Sobre inteligências

Tendemos a acreditar que somos muito inteligentes, que temos uma inteligência máxima, absoluta, impossível de ser superada. Penso que, ao contrário, somos bem obtusinhos, pouco mais inteligentes que formigas; explicarei.

Psicólogos nos garantem que temos adquirido em média, 3 pontos de QI por década nos últimos 100 anos, o que perfaz um total superior a 30 pontos em um século. Nessa sequência, em 100 anos o homem médio nos parecerá inteligentíssimo, em 200 um gênio incompreensível. Não creio haver limites para tal sucessão, ainda que essa seja apenas a linha de desenvolvimento da inteligência humana.

Inúmeros fatos evidenciam nossa superioridade sobre os animais, gostamos que seja assim. Talvez por isso tendamos a negligenciar os que ilustram o contrário. Macacos possuem uma capacidade absurdamente superior à nossa de identificar e memorizar o posicionamento de números em uma tela. Elefantes podem demonstrar uma inventividade sem precedentes para salvar um recém-nascido com dificuldades respiratórias. Pássaros também podem revelar uma engenhosidade surpreendente ao desenvolver método de pesca dotado, obviamente, de planejamento. Também é provável que os formigueiros desenvolvam uma inteligência explicitada pelo grupo como um único ser coletivo composto por unidades individuais esparsas. E, sobretudo, as máquinas, nos dão sinais muito óbvios de superioridade imensa sobre nossas capacidades relativas a uma quantidade crescente de atividades. Mas não costumamos atentar para nada disso, nem levar tais constatações a sério.

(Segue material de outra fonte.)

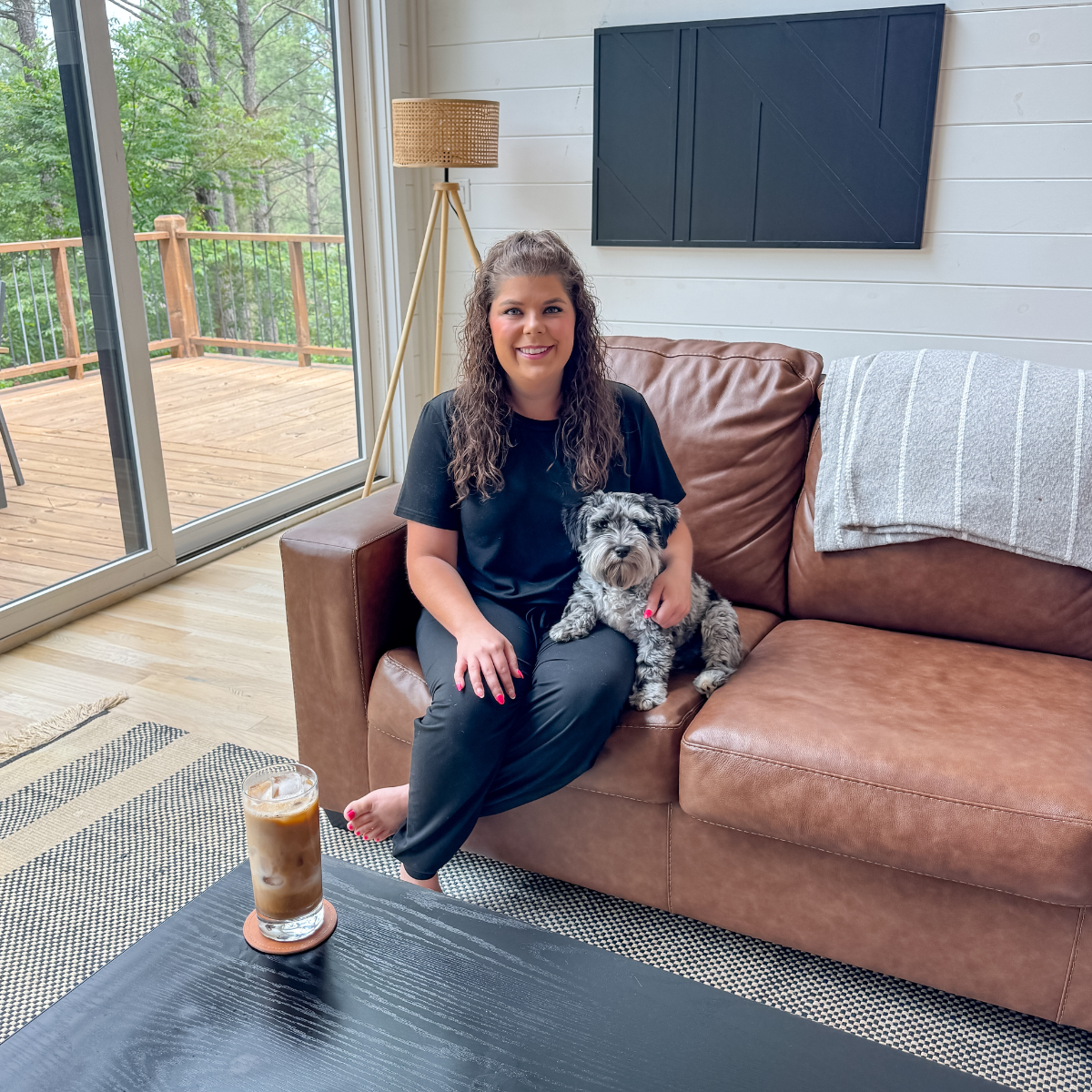 Kylee and Macy sitting on a couch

Penso que, tomadas isoladamente, essas ações desses animais geniais se comparam às mais brilhantes manifestações do engenho humano. Penso que o que torna a engenhosidade humana mais óbvia e bombástica que a dos animais decorra de nossa capacidade de acumulá-las e somá-las. Tomadas isoladamente, as mais geniais ações humanas me parecem comparáveis às desses animais. Ocorre, no entanto, que, ao contrário das nossas, as eventuais descobertas brilhantes dos animais nunca se acumulam, ou, se tanto, apenas muitíssimo raramente. Desse modo as invenções animais, embora eventualmente brilhantes, perdem-se antes que uma brilhante inovação adicional venha se somar à primeira. Assim, as construções que evidenciam nosso engenho, revelam a incorporação de sucessivas manifestações de genialidade reunidas, acumuladas em uma única ação ou objeto, enquanto nenhum dos animais possui mecanismo análogo para o acúmulo de inovações. Para conseguirmos esse efeito aditivo utilizamos a fala. Assim, não creio que nossa engenhosidade individual seja, de fato, significativamente maior que a dos animais. Penso que a explicitação muito óbvia da superioridade de nossa engenhosidade sobre a de todos eles não se encontra na individualidade, mas na capacidade de incorporar cada manifestação de engenho à posse da coletividade, de maneira que cada nova invenção se soma a todas as anteriores, compondo assim um enorme patrimônio coletivo, disponível a cada indivíduo humano.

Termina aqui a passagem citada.